Of course, my split second instinct was, OH SH(insertvowelhere)T. Ruby saw this hallucinogenic kaleidoscope on the walls, ceiling, floor, me, herself, and she instantly became...let's just say, DERANGED.
(I know. I'm using a lot of caps. IT WAS A CAPS KIND OF MOMENT. The pictures don't do it justice because the flash kind of bleached those buggers out, but trust me. Just...trust me.)
When she first hurled herself tail over teacups at the dots, I wasn't quite sure what to do, and to be honest, I was slightly worried about her trashing all that expensive equipment. But sometimes the best training opportunities are the ones you don't expect...aren't prepared for...hadn't anticipated...tremendously wish you had thought of... and I realized that I knew exactly what I had to do to get my dog's attention. I grabbed the clicker and spoke her name. She ignored me and I spoke it again.
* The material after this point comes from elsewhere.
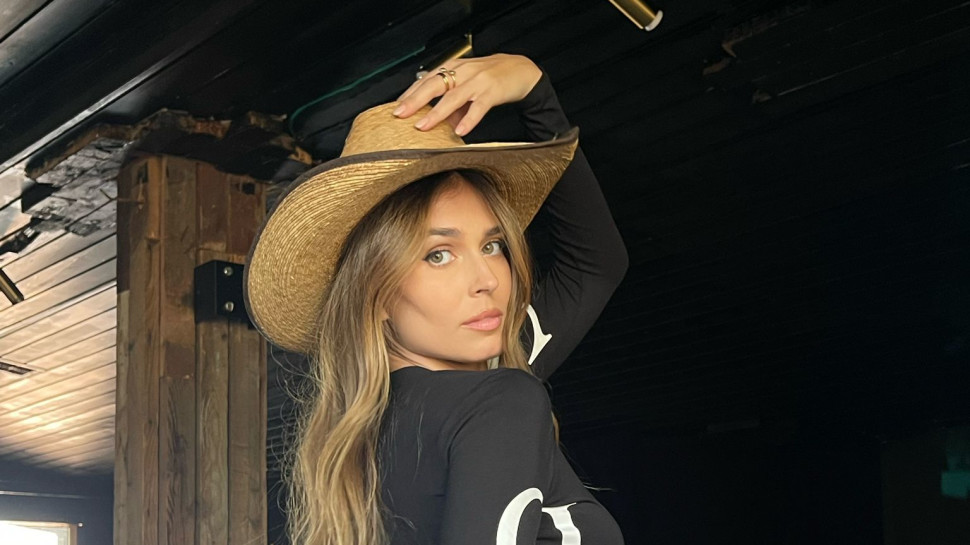 קורל סימנוביץ' ל-GUESS ישראל (צילום: שני עובדיה)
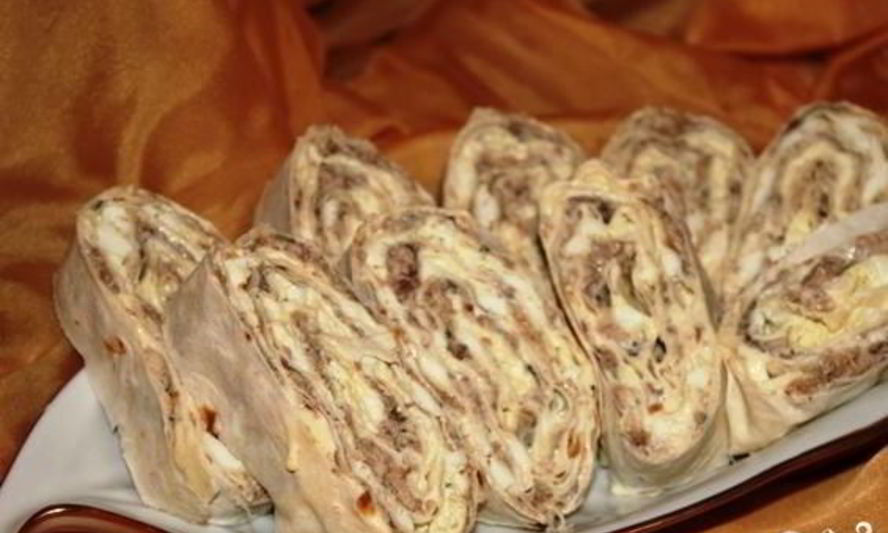 Рецепт лаваша с сайрой, яйцами и сыром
The very instant she paid me even a fraction of a second of attention, I clicked and gave her a treat. I spoke her name again, she hesitated, I clicked/treated her again. After a few click/treats, even though the dots were still flying, I had her.
And once I knew I could get her attention here at
Below, no flash. A little blurry, but you can tell that the dots were very bright and very fast. Trippy and zippy!
I've learned a lot from these past two surprise situations (here and at PetSmart). Calmness travels down the leash just as much as nerves do.
I'm also gaining confidence that no matter where we are, or how unexpected the situation, as long as she's safe (and as long as no one is throwing us out), we can just take the time we need to see it through, together.